Su Domani prosegue il Blog mafie, da un’idea di Attilio Bolzoni. Potete seguirlo su questa pagina. Ogni mese un macro-tema, approfondito con un nuovo contenuto al giorno in collaborazione con l’associazione Cosa vostra. Questa serie è dedicata al depistaggio sulla strage di via D’Amelio, nella quale morirono Paolo Borsellino e cinque agenti della scorta: Agostino Catalano, Emanuela Loi, Vincenzo Li Muli, Walter Eddie Cosina e Claudio Traina.

La parola depistaggio è entrata a pieno titolo nel dizionario delle stragi di questo Paese, quale perfetto contrario dei termini verità e giustizia.

Il depistaggio sull’eccidio di via D’Amelio presenta, però, una caratteristica che lo rende diverso rispetto a tutti gli altri: è stato, sebbene solamente in parte, svelato. Ed è proprio ciò che lo rende, come ha evidenziato durante la sua audizione il procuratore generale Scarpinato, più che mai attuale.

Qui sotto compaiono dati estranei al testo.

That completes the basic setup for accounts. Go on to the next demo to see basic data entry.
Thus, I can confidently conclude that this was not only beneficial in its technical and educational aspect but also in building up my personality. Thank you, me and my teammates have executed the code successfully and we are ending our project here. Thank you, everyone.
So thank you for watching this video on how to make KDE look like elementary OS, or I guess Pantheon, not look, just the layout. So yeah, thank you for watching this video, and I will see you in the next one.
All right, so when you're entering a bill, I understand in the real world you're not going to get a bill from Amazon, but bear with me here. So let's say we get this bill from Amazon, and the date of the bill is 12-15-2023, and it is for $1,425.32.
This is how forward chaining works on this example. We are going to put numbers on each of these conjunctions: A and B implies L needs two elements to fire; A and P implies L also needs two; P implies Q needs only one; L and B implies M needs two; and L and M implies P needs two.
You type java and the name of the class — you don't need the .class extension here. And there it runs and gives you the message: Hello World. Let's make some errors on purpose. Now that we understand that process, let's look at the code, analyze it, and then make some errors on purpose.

Non deve stupire che oscuri meccanismi, oggi, si pongano strenuamente in difesa della ricostruzione falsa e consolatoria proposta da Scarantino e dai suoi suggeritori: allargare lo sguardo su cosa accadde in quei 57 giorni fra Capaci e via D’Amelio, sulle inquietudini del giudice Borsellino, su ciò che aveva intuito o saputo e che si preparava a dire; raccontare quella strage non come un ultimo disperato colpo di coda di Cosa nostra ma come il punto d’arrivo di un disegno più ambizioso e devastante per i destini del Paese: insomma, parlare di via D’Amelio sapendo di non poter parlare solo di mafia è cosa che fa ancora paura. A ventinove anni dalla morte di Paolo Borsellino, si preferisce che la corda pazza di quella strage non venga sfiorata. E i depistaggi, ieri come adesso, sono lo strumento più efficace.

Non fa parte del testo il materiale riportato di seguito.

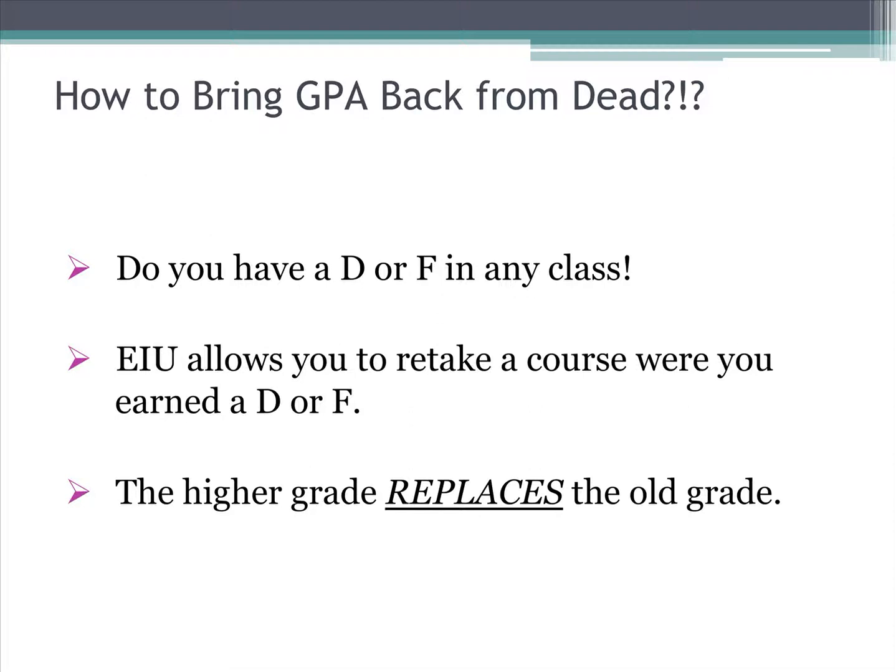The fastest way to increase your GPA is to retake courses you received a D or an F in and replace the old grade. However, you can only replace it with a higher grade. By doing this, you will earn more quality points, and since you have already received the credit value in your GPA hours, that number will not increase. Therefore, your GPA will increase.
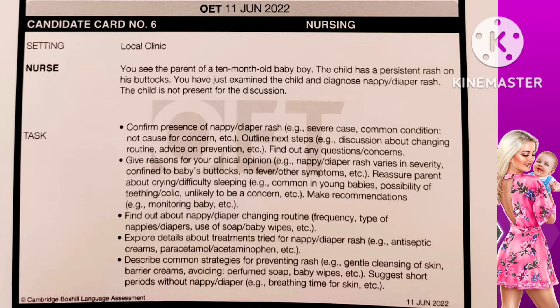Reassure the parent about crying and difficulty sleeping — this is common in young babies. Possibility of teething or colic is unlikely to be a concern. Make recommendations for monitoring the baby. Here the mother is having some anxiety because the baby is not getting enough sleep and crying a lot. Let's clear those concerns.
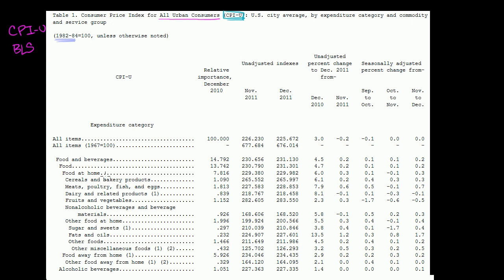In this first column, these are the different buckets that the urban consumer might spend money on. This shows the basket of goods weighting, so about a little under 15% is spent on food and beverages, and then they break down that 15%. About 13% is on food, and then they break it out — about 7% or a little under 8% is food at home. They break it out between cereals, meats, dairy and related products, and fruits and vegetables. It looks like they're spending about the same amount on fruits and vegetables as on alcohol.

Come si costruisce una menzogna alla quale tutti – o comunque troppi –finiscono per credere? È stata la domanda che ci siamo posti all’atto di avviare questa seconda inchiesta. E qui ci siamo misurati con il significato plurale della parola “depistaggio”: non una trama sinistra ordita da uno sparuto manipolo di soggetti, ma un pensiero organizzato, spregiudicato, capace di una sua continuità ed impunità nel tempo, coperto da inconfessabili complicità.

È grave che l’intelligence italiana abbia accettato - e continui ad accettare - di convivere con il sospetto di un terribile coinvolgimento dei suoi apparati in una delle pagine più nere della nostra storia. Un rischio collaterale sopportabile, a quanto pare. Non una voce, in questi anni, una preoccupazione, un disvelamento sulla catena di comando che portò il Sisde ad aver un ruolo da protagonista nelle prime battute di quel depistaggio; non una parola o un dubbio sui signori in giacca e cravatta che quella domenica pomeriggio si trovavano tra le fiamme di via D’Amelio alla ricerca dell’agenda rossa.

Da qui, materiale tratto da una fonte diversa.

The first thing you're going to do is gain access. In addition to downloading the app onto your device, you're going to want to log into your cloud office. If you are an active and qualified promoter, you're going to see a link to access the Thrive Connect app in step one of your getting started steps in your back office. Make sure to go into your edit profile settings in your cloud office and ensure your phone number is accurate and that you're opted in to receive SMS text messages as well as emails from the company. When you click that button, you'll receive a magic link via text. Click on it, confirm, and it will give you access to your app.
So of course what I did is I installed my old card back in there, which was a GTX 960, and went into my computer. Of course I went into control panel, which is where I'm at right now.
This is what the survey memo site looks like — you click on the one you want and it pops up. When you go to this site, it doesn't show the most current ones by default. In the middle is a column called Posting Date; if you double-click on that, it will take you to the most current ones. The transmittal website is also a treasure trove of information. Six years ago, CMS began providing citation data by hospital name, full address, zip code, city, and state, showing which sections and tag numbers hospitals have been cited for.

FOTO DI REPERTORIO Foto LaPresse 23-05-2012 Vent'anni dalla strage di Capaci

Ma fu depistaggio anche tutto ciò che precedette quella maledetta domenica. Come il progressivo e calcolato isolamento, professionale e umano, cui fu sottoposto Paolo Borsellino. Aspetti, quelli legati ai rapporti con Giammanco e alla carenza del dispositivo di sicurezza intorno al magistrato, che avrebbero preteso puntuali approfondimenti da parte dell’Autorità Giudiziaria – come abbiamo evidenziato in molte pagine di questa relazione – ma che l’“invenzione” di Scarantino oscurò del tutto.

E non si può, infine, tacere il senso di rassegnazione con cui in troppi hanno accolto ed accettato i silenzi di questi 29 anni, i ripetuti furti di verità, le forzature istituzionali, le ansie di carriera, i silenzi di chi avrebbe potuto dire. Come se davvero su questa storia e sulle responsabilità (non solo penali, lo ripetiamo!) che l’hanno accompagnata, occorresse rassegnarsi al silenzio.

Questa seconda relazione della Commissione Antimafia dell’Ars – come la precedente – vuole essere anche questo: una sollecitazione civile a non abituarsi all’idea che la verità ci sia negata per sempre.